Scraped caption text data

___

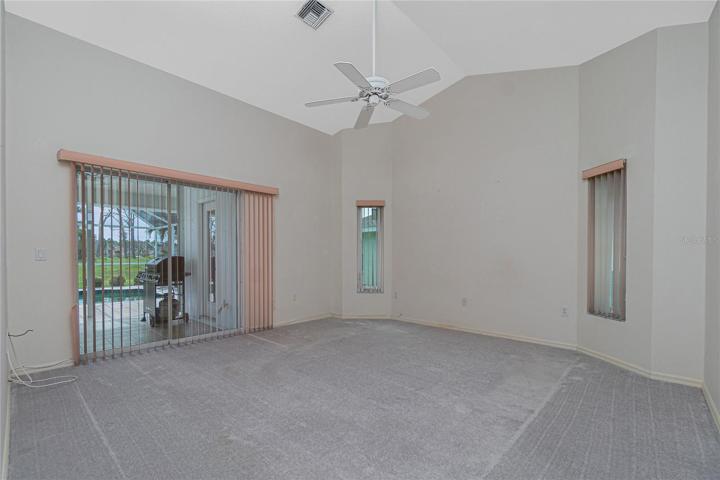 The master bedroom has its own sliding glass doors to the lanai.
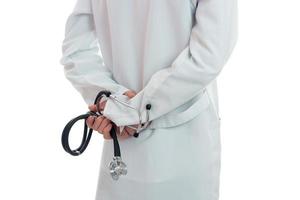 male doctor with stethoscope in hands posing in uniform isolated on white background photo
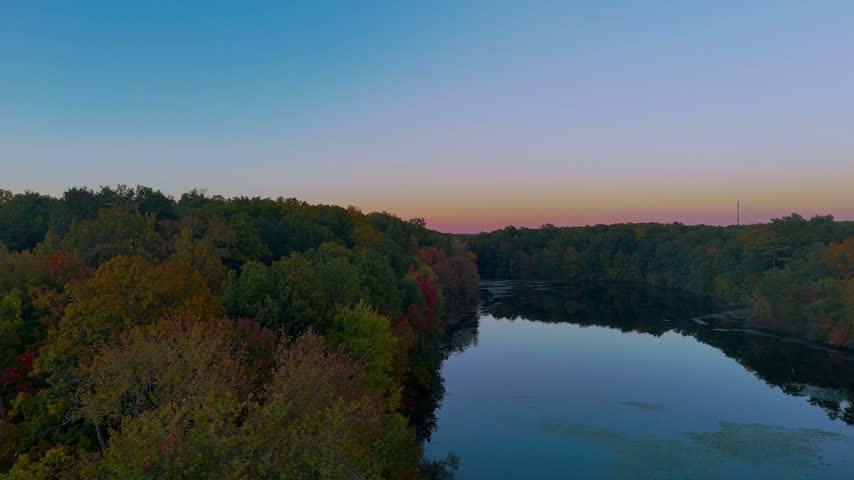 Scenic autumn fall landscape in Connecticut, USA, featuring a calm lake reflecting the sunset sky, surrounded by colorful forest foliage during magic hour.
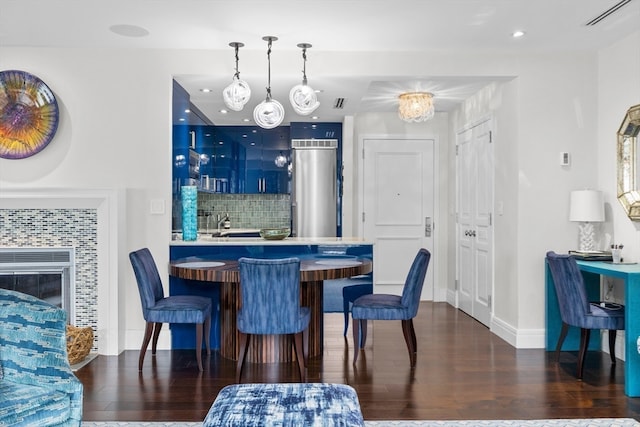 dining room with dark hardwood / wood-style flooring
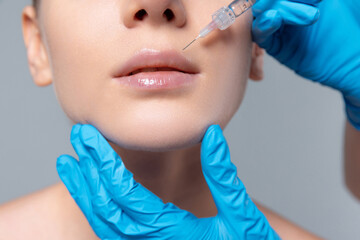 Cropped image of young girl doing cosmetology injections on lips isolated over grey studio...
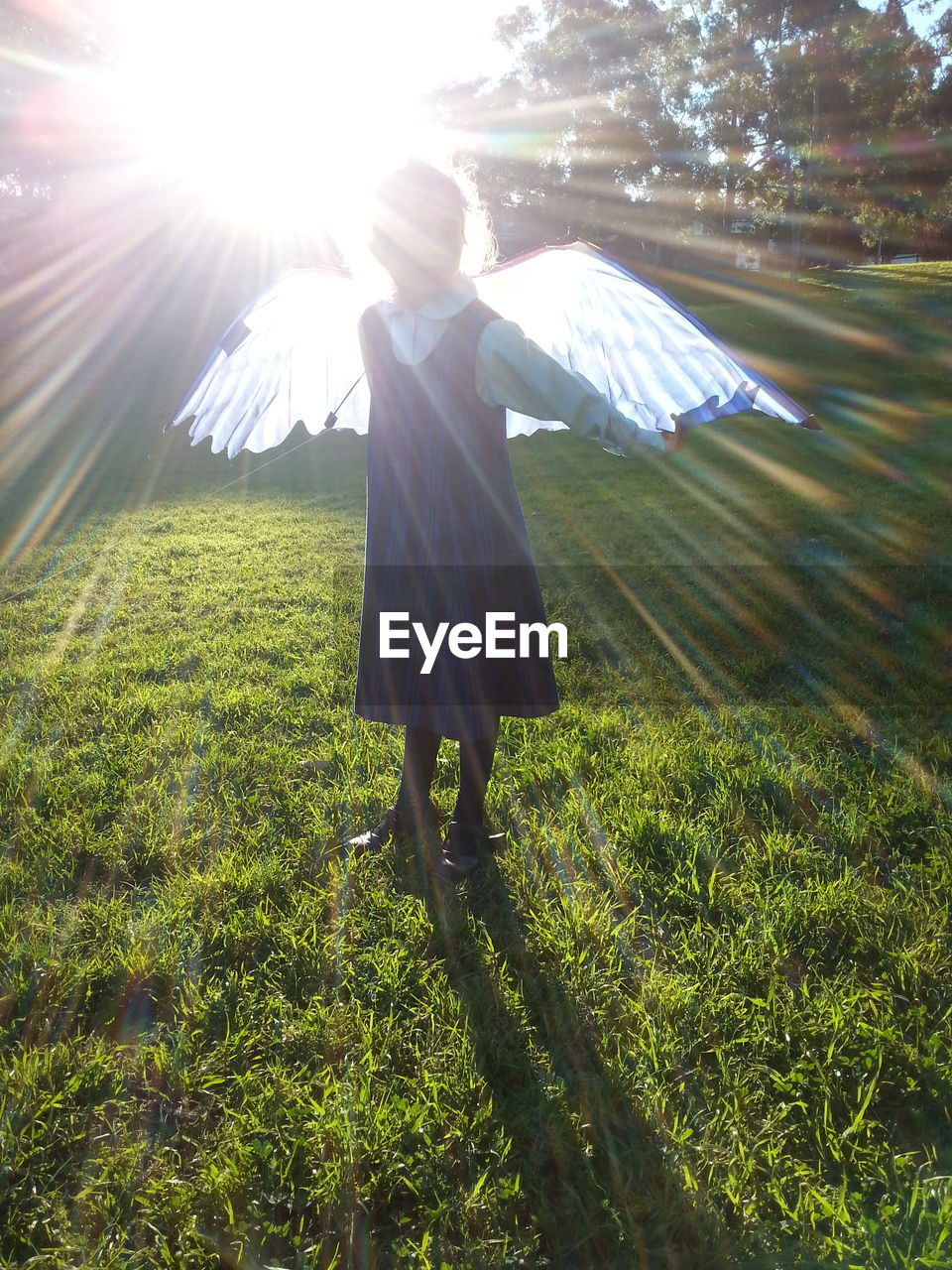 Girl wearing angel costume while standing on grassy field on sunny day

___

PROBLEM REQUIREMENTS:
Print every entry word for word; omit the pictures.

SOLUTION TO THIS EXERCISE:
 The master bedroom has its own sliding glass doors to the lanai.
 male doctor with stethoscope in hands posing in uniform isolated on white background photo
 Scenic autumn fall landscape in Connecticut, USA, featuring a calm lake reflecting the sunset sky, surrounded by colorful forest foliage during magic hour.
 dining room with dark hardwood / wood-style flooring
 Cropped image of young girl doing cosmetology injections on lips isolated over grey studio...
 Girl wearing angel costume while standing on grassy field on sunny day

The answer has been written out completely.